I see in a book on Type Theory the following definition of a subterm of a $λ$-term:

We call $L$ a subterm of $M$ if $L ∈ \mathrm{Sub}(M)$.

• $\mathrm{Sub}(x) = \{x\}$, for each $x ∈ V. (V$ is the set of variables.)

• $\mathrm{Sub}(MN) = \mathrm{Sub}(M) ∪ \mathrm{Sub}(N) ∪ {MN}$.

• $\mathrm{Sub}(λx.M) = \mathrm{Sub}(M) ∪ {λx.M}$.

Well... it is as follows:

From the above definition, the properties below follow.

1. (Reflexivity) For all $λ$-terms $M$, we have $M ∈ \mathrm{Sub}(M)$.

2. (Transitivity) If $L ∈ \mathrm{Sub}(M)$ and $M ∈ \mathrm{Sub}(N)$, then $L ∈ \mathrm{Sub}(N)$.

Reflexivity is clear by definition, I think.
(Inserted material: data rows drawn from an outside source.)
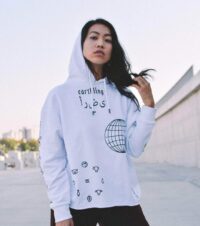 Earthling – Crop Hoodie – White - Afbeelding 2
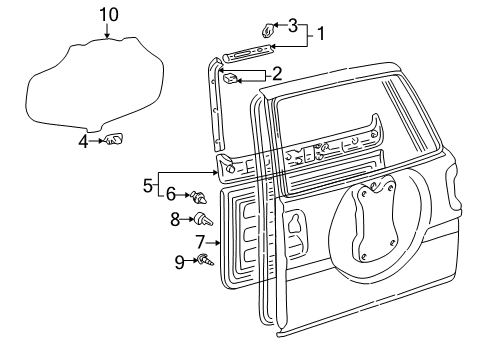 2000 Toyota RAV4 Interior Trim - Back Door Diagram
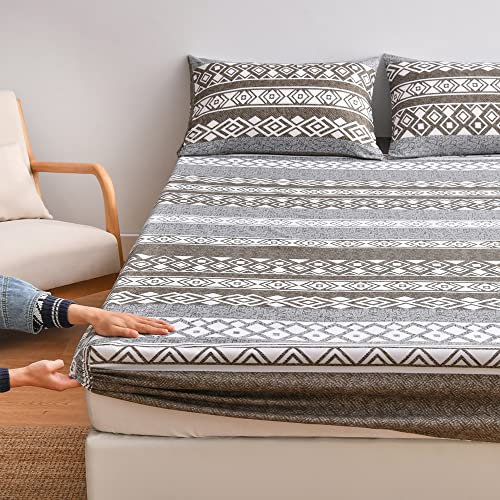 Meiju-shop Mateju Spannbettlaken Mode Bunt Drucken Weiche Atmungsaktivem Matratzenschoner Mikrofaser Spannbetttuch, Tiefe Tasche 30cm, Verfügbar in verschiedenen Größen (Grau,90x200x30cm)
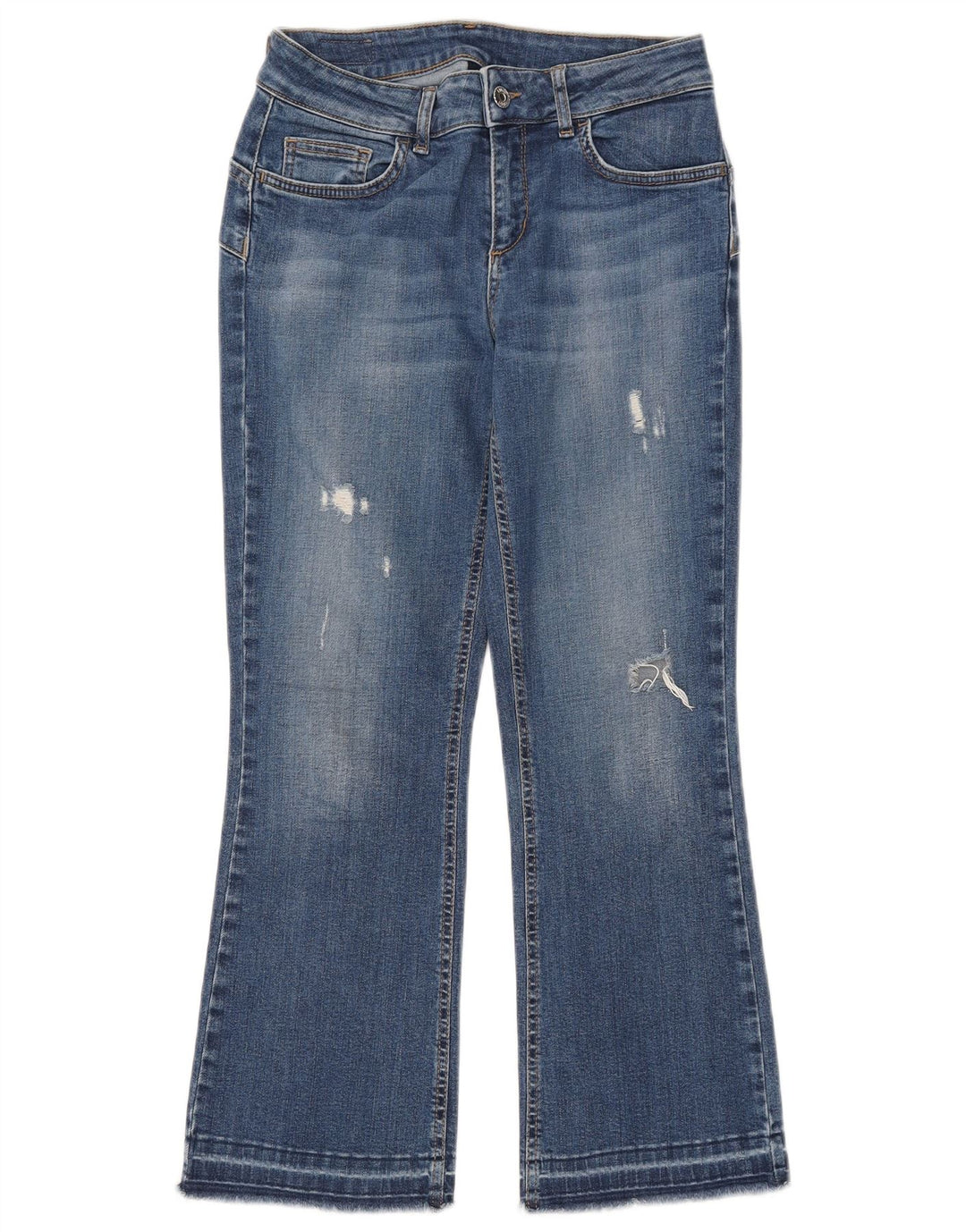 Blugi de damă Liu Jo Distressed Crop Bootcut W28 L25 Bumbac albastru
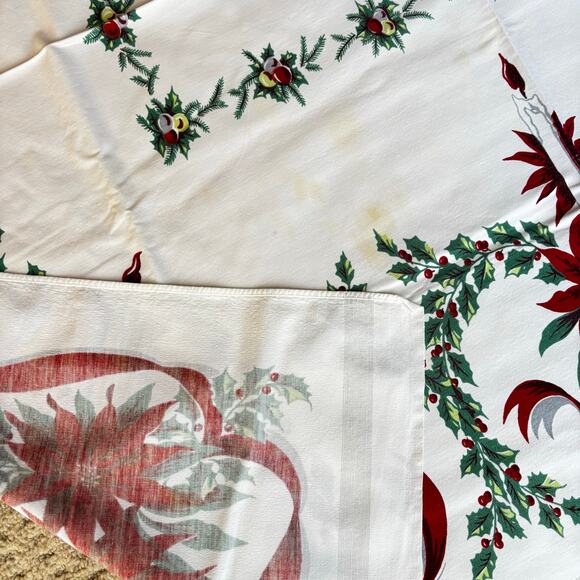 Vintage Christmas Tablecloth printed cotton white red poinsettias holly FLAWS - Picture 8 of 11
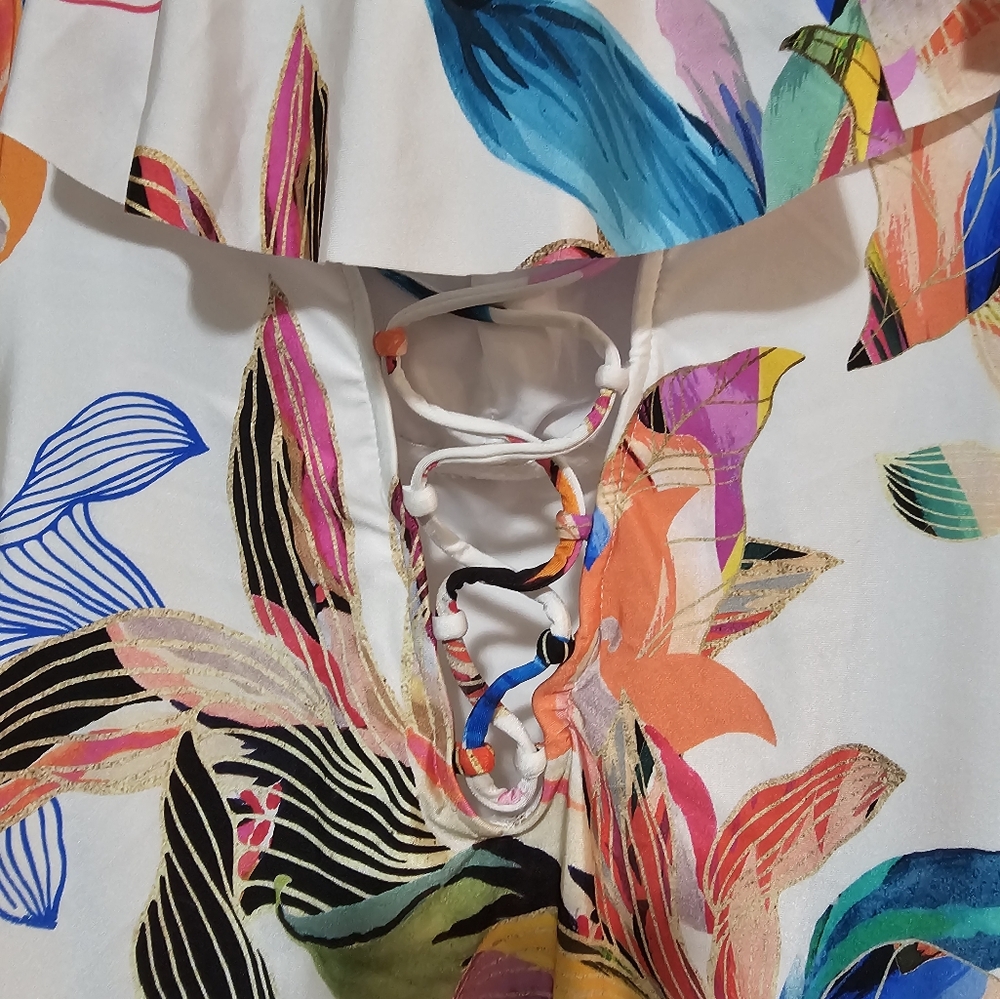 La Blanca One Piece Swimsuit - Women's Size 12 NWT Ruffle Floral Tropical Pool - Picture 14 of 16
My question is how to prove transitivity.

I ask for help.

Answer 1

By induction on $N$, let us show that $\forall M\in\mathrm{Sub}(N)$, $\forall L\in\mathrm{Sub}(M)$, $L \in\mathrm{Sub}(N)$:

• If $N = x$ then $M = x$ and $L \in \mathrm{Sub}(M) = \mathrm{Sub}(N)$.
• If $N = λx.N'$, take $M\in\mathrm{Sub}(N)$. Either $M = N$ or $M \in \mathrm{Sub}(N')$.
  In the first case the result is immediate again: $L \in \mathrm{Sub}(M) = \mathrm{Sub}(N)$.
  In the second case, by induction you have $L \in \mathrm{Sub}(N') \subset \mathrm{Sub}(N)$.
• Similarly for the case of an application.

If it is not clear, please ask for details in the comments! :-)

Answer 2

The given definition allows us to conclude that M is a subterm of N if M "occurs" in N.

Therefore, we can say:

-- M is a subterm of M.

-- If L is a subterm of M and M is a subterm of N, then L is a subterm of N.

(I'm using as intuitive the notion of "M occurs in N".)